Future research should focus on well-designed prospective studies and the development of standardized biomarker panels to improve the predictive accuracy and clinical applicability of current findings.

5. Conclusions

Endometriosis is a complex and multifactorial condition involving inflammatory, immune, hormonal, and oxidative mechanisms that may contribute to impaired reproductive function. The evidence reviewed suggests that these alterations can influence oocyte quality, embryo development, and endometrial receptivity, potentially affecting outcomes in assisted reproductive technologies (ARTs).

However, the extent of this impact remains variable across studies, likely due to differences in study design, patient populations, and disease severity. While some data indicate reduced ovarian responsiveness and cumulative live birth rates, other findings suggest that certain ART outcomes, such as implantation rates, may not be consistently affected.

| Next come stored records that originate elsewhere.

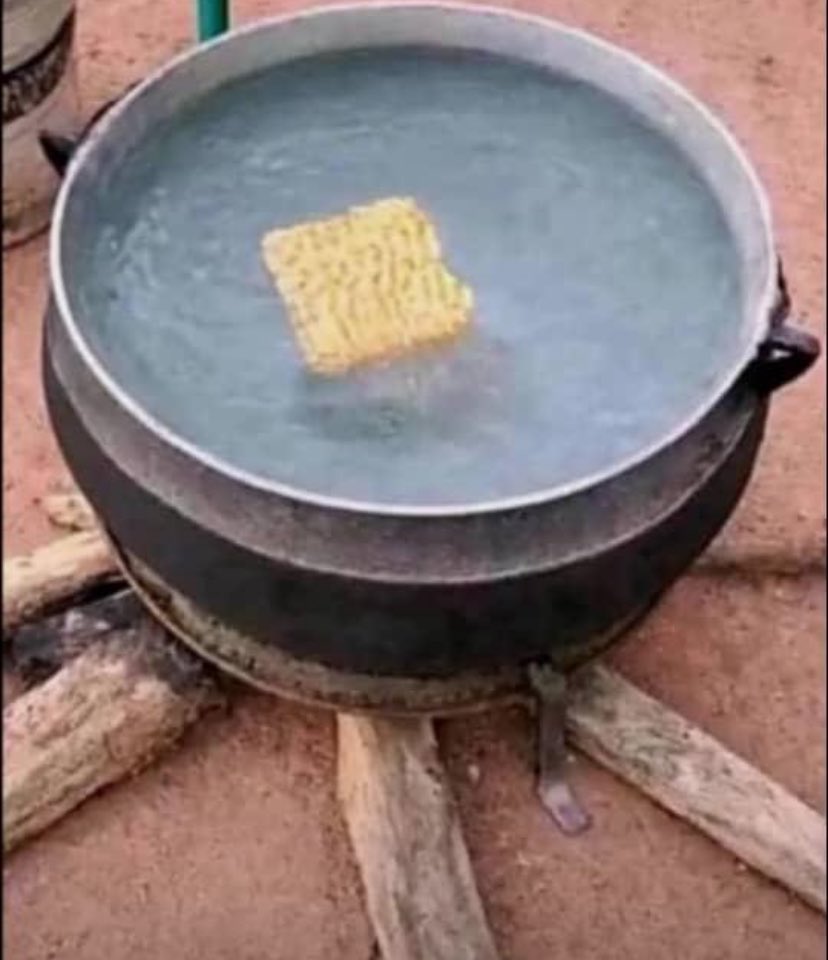 THE FORTUNE GOD 🔮 tweet media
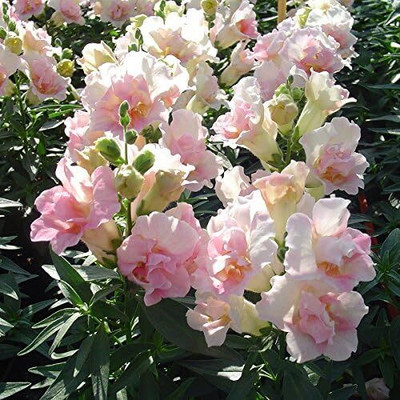 CRGO ANTIRRHINUM Seed(150 per packet)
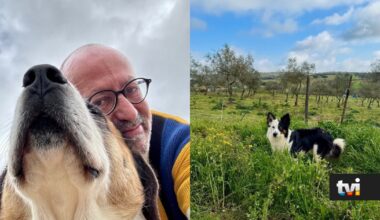 Entre cães, gatos, cavalos e ovelhas: estes são os animais que fazem parte da vida de Manuel Luís Goucha - Dois às 10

Current management strategies, including surgical and medical approaches, as well as optimization of ART protocols, should therefore be carefully individualized. The available evidence does not support a single standardized approach applicable to all patients with endometriosis.

Further research is needed to better clarify the mechanisms underlying reproductive impairment and to identify reliable biomarkers that may improve patient stratification and therapeutic decision-making. Well-designed prospective studies are particularly important to validate current findings and to support the development of more targeted and personalized treatment strategies.

In conclusion, although significant progress has been made in understanding endometriosis, its impact on reproductive outcomes remains incompletely defined, highlighting the need for continued investigation and a cautious interpretation of existing data.